2. QUEM são os servos? O homem rico da parábola, que “parte de viagem”, é facilmente identificável: é o Senhor ressuscitado que subiu ao céu. Os servos somos nós seus "ministros" a quem Jesus confiou, com grande generosidade e confiança, os tesouros do Reino. Os três representam a Igreja inteira! A nós, pela fé, foi-nos confiado o Tesouro do Reino, que é a própria pessoa de Jesus.

3. ONDE fazer frutificar os talentos? A Igreja não é uma "sala de espera" onde se “dormita” à espera do regresso de Jesus. O Senhor enviou-nos ao mundo para fazermos frutificar o talento da fé, quer tenhamos "muita" ou "pouca" fé! Recordo-me de um episódio da minha vida de jovem missionário. Destinado a uma nova paróquia (Adidogome), nos arredores da capital do Togo, fiquei surpreendido por haver apenas três comunidades cristãs, apesar de existirem vários coros, associações e grupos de oração. Disse-lhes: "Eu vim de longe, percorri milhares de quilómetros para vir anunciar-vos o Evangelho, e vocês não são capazes de percorrer alguns quilómetros para o anunciar nas aldeias vizinhas? Saibam que nenhum grupo tem direito de cidadania na comunidade cristã se não se empenhar no apostolado!" Atribuí a cada grupo uma aldeia. Alguns anos mais tarde, havia cerca de vinte capelas e, atualmente, várias tornaram-se novas paróquias!
O cristão que não proclama a sua fé enterrou-a e já celebrou o seu funeral!

 

Três propostas de reflexão

1) Agradece ao Senhor pelos dons que te concedeu, especialmente o dom da fé. Pergunta a ti mesma/o se há algum "talento" que enterraste por preguiça, comodismo ou medo de arriscar. E lembra-te que "A todo aquele que tem, dar-se-á mais e terá em abundância; mas, àquele que não tem, até o pouco que tem lhe será tirado".

2) Perante as dificuldades e a tentação do desânimo no teu empenho cristão, deixa ressoar no teu coração esta palavra/promessa de Jesus: "Muito bem, servo bom e fiel. Porque foste fiel em coisas pequenas, confiar-te-ei as grandes. Vem tomar parte na alegria do teu senhor".

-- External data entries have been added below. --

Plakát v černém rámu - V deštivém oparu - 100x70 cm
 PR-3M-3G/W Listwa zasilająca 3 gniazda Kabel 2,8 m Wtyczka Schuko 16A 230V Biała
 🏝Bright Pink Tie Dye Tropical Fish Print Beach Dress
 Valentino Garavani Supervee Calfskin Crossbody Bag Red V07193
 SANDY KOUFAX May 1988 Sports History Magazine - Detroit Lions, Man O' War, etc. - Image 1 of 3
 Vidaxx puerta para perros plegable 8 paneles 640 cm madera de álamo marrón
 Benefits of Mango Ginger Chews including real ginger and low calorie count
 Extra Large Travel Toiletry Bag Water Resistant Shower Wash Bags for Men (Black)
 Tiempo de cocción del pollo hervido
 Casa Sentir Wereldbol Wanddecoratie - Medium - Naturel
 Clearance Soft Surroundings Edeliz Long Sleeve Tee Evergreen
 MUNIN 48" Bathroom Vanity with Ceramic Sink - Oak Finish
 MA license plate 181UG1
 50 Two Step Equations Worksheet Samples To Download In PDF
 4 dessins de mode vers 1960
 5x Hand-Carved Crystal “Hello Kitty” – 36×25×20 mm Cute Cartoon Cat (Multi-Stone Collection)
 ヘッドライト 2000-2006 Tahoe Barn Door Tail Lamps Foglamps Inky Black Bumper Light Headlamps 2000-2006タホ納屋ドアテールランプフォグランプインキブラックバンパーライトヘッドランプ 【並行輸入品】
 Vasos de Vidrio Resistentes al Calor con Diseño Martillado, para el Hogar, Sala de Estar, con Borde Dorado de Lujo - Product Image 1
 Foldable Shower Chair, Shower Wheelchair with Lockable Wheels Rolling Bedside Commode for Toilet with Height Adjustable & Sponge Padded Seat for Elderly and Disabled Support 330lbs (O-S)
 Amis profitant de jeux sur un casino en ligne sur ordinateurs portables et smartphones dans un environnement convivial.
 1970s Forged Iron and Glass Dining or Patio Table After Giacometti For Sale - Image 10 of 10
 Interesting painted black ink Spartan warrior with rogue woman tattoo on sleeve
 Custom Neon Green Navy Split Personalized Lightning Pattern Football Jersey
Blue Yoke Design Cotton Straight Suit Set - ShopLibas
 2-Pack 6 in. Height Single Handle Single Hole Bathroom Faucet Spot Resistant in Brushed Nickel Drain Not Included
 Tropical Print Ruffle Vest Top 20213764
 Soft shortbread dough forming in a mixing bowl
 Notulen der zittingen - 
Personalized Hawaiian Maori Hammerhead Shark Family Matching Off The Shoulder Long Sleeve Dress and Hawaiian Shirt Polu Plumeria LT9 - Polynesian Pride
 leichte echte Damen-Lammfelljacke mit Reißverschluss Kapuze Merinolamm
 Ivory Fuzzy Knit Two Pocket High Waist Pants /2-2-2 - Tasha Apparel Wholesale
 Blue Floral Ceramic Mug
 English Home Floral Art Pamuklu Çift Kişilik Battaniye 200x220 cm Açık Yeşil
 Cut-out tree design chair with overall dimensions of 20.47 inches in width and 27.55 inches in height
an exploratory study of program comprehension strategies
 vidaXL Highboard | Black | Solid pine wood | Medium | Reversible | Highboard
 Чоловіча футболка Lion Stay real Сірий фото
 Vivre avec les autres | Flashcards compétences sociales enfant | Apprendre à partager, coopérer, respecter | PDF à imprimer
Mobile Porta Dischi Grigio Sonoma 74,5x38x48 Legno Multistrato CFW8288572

3) Em que campo concreto achas que o Senhor te convida a fazer frutificar os teus "talentos"? Talvez quisesses fazê-lo "noutro lugar" ou noutras condições mais "ideais". Também eu já me queixei ao Senhor: "Porque não me deixaste continuar a semear no vasto campo do mundo?" E o Senhor fez-me compreender que o solo mais fértil é a pequena horta à volta da minha cadeira de rodas! Lembremo-nos, no entanto, que um campo privilegiado para investir os nossos talentos é o dos pobres!